M. Jean-Pierre Sueur. Monsieur le président, monsieur le ministre, mes chers collègues, vous êtes toutes et tous des juristes avisés. Pour défendre la suppression – ô combien justifiée ! – de cet article, il suffit de le lire : « En cas de violation des formes prescrites par la loi à peine de nullité ou d’inobservation des formalités substantielles, toute juridiction, y compris la Cour de cassation, qui est saisie d’une demande d’annulation ou qui relève d’office une telle irrégularité ne peut prononcer la nullité que lorsque celle-ci a eu pour effet de porter atteinte aux droits de l’étranger. »
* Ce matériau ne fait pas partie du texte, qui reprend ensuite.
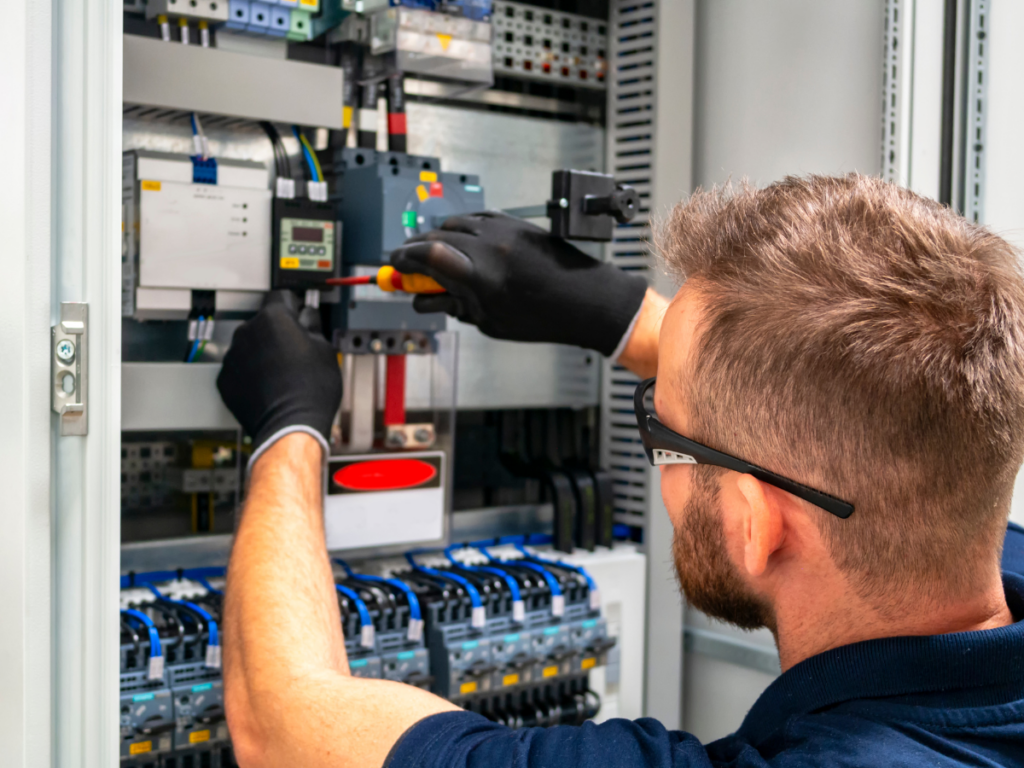electrician working on breaker box Best Home Services 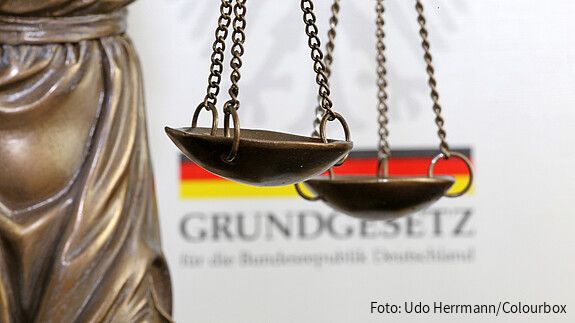 Nahaufnahme einer Justitia vor dem deutschen Grundgesetzbuch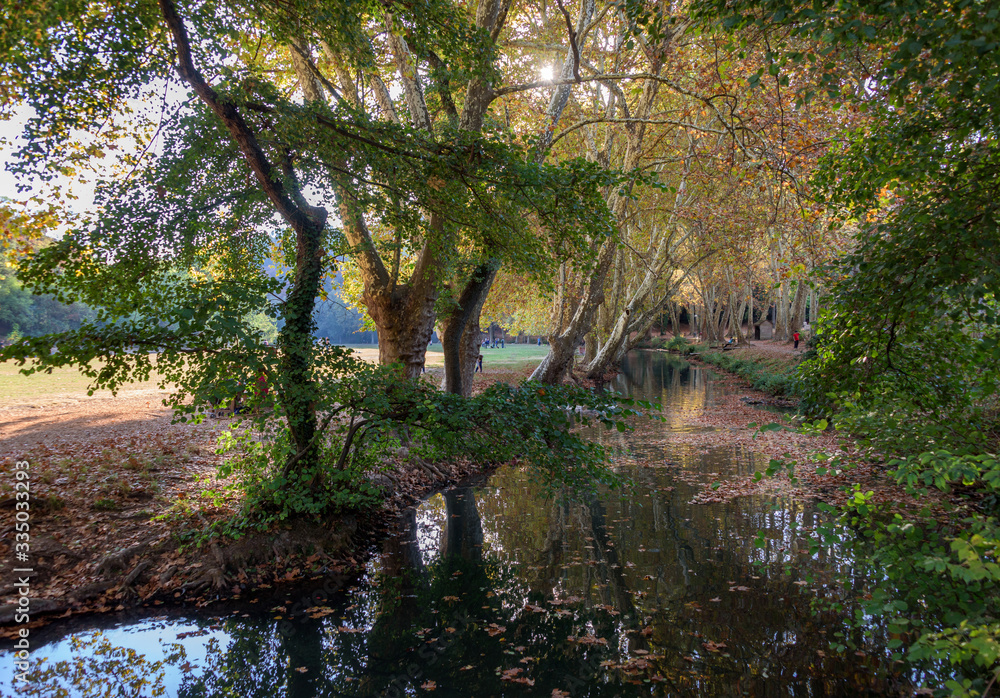The park beside the Alzon River in Uzès, France is a popular escape in the fall.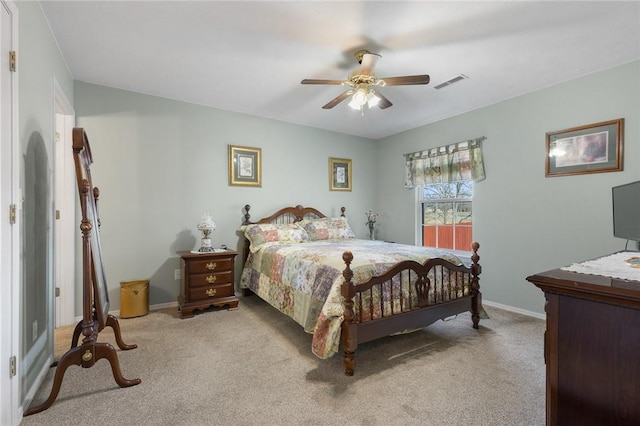 carpeted bedroom featuring visible vents, baseboards, and ceiling fan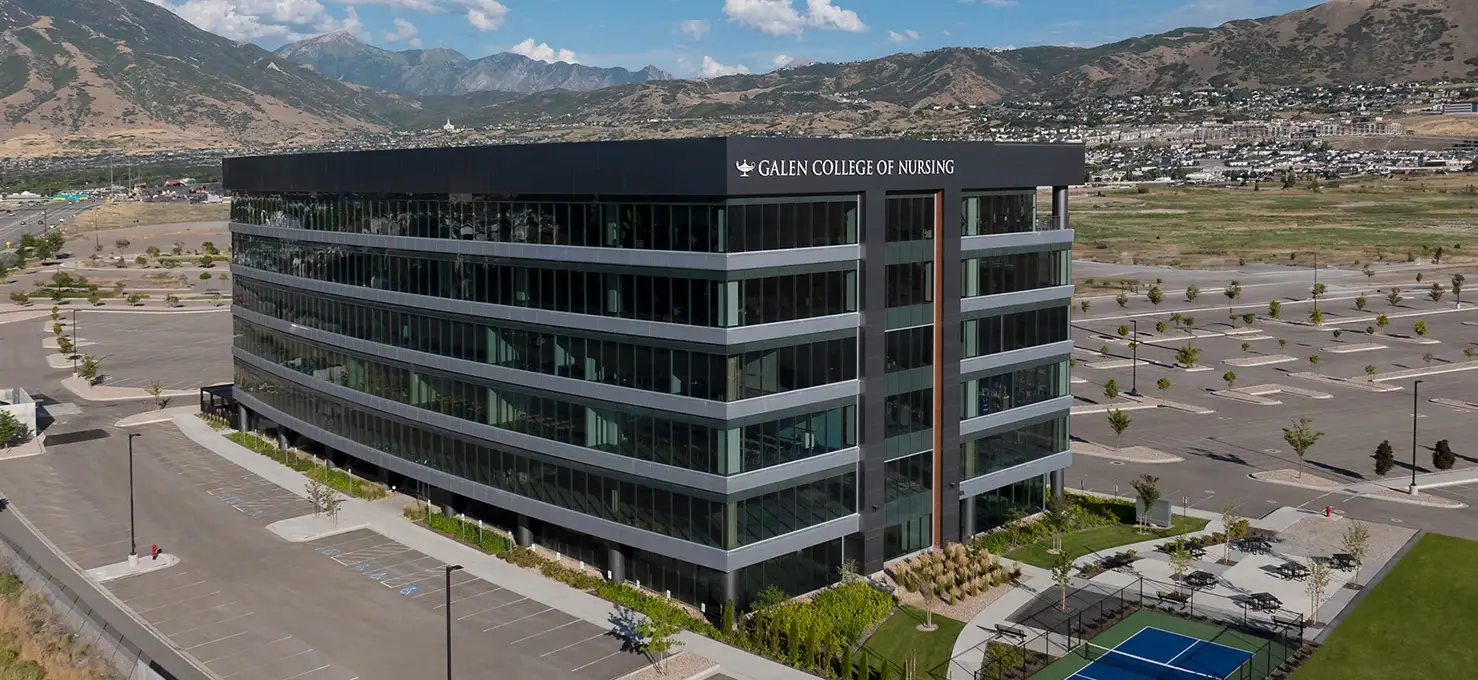 An aerial view of a large, modern Galen College of Nursing building in Salt Lake City, UT with a black and gray facade, extensive glass windows, and a black roof. It's surrounded by a large parking lot, some green landscaping, and mountains in the background. A tennis court is visible on the right.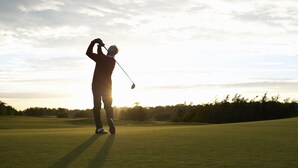 Silhouet van een persoon die golf speelt op een golfbaan met een heldere lucht.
C’est extraordinaire ! (Mme Catherine Tasca opine.) Si une telle disposition était votée, on instaurerait dans notre législation ce que j’appellerais le droit à géométrie variable, la décision par essence aléatoire. Bien entendu, le juge a un pouvoir d’appréciation, mais l’existence d’un motif de nullité est irréfutable !

On nous affirme que certains motifs de nullité ne sont pas sérieux ou qu’il est préférable de ne pas examiner, que certaines formalités substantielles ne le seraient pas réellement. La question est de savoir si le motif porte atteinte aux droits de l’étranger ; mais à quoi cela correspond-il ?

À mon sens, si la procédure est nulle, le fait même de pouvoir décider de ne pas relever la nullité au motif que l’irrégularité à l’origine de celle-ci ne porterait pas atteinte aux droits de l’étranger est insoutenable sur le plan juridique ; tout le monde le comprend. Dans ces conditions, une nullité est une nullité, et on ne peut distinguer les nullités qui seraient avantageuses pour les étrangers de celles qu’il faudrait méconnaître.

Monsieur le ministre, on parle parfois en mathématiques des formes souples ; nous considérons que cette conception relève d’une sorte de droit mou, bizarre, à géométrie extrêmement variable. Ce n’est tout simplement pas conforme au droit, et en tous les cas irrespectueux des droits des étrangers.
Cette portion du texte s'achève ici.